In detention, Sala’s health has deteriorated, and she has spent several weeks in the hospital. More recently, she has been diagnosed with blood clots in one of her legs that could disable or kill her. “Her health is at a great risk,” said Gómez Alcorta. “The clot can move to the heart or the lungs at any point,” she added.
Despite her condition, police have frequently refused to let her go to the doctor’s for medical treatment and behaved aggressively to her when she’s in hospital.
President Alberto Fernández visited Sala when she was admitted to a clinic in June 2022. Upon seeing her, the president declared that a “clear persecution system” was in place against her.
Since the Supreme Court ruling, Governor Morales has been calling for her to serve the remaining five years of her sentence in jail. His requests only stopped when high-rank officials asked to de-escalate the conflict during budget negotiations, as off the record sources told The Buenos Aires Herald.

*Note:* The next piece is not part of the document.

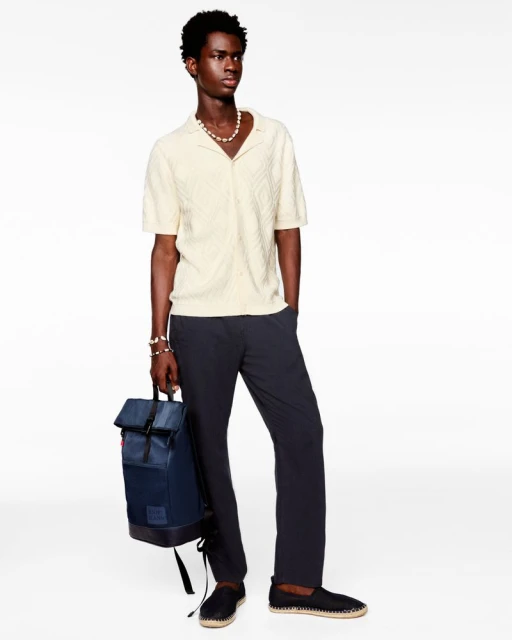 A young Black man stands in a photo studio wearing a cream knit shirt, navy pants, and espadrilles while holding a navy backpack.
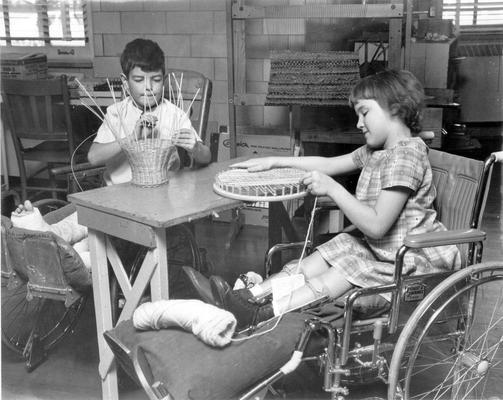 Cardinal Hill Hospital; Young Children construct wicker baskets at physical therapy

“It’s a part of their show,” said Marcos Aldazábal, one of her lawyers. “No matter what happens, they [Jujuy’s government and judiciary] will always try to send her to jail.”
Calls for a pardon
In December, Tupac Amaru, unions, and social organizations camped for three days in Plaza de Mayo to demand that Alberto Fernández pardons Sala in the Pibes Villeros case. On December 23, they met with him in Casa Rosada.
Late last week, an open letter by the Freedom for Milagro Sala committee was sent to the president, with signatures from Congressmembers and relevant political leaders. “On behalf of institutional quality and proper application of the law, you’ve accompanied Sala in the serious circumstances she’s been under,” says the document. “Now, we’re asking you to commit to her immediate freedom as the President of Argentina.”
Alberto Fernández, however, stated that although he supports Sala, he can’t pardon her as it would be unconstitutional.
Now, Sala’s defenders will take her case to the Inter-American system, particularly the irregularities from the Jujuy courts that the Supreme Court declined to review – but the system typically takes years to process cases. By law, Sala can ask for parole and probation after serving two thirds of her sentence, which would be in less than two years.
“We will continue to demand a fair process,” said Gómez Alcorta. “They’re going after Milagro because they’re going after social movements: it’s a dark scenario.”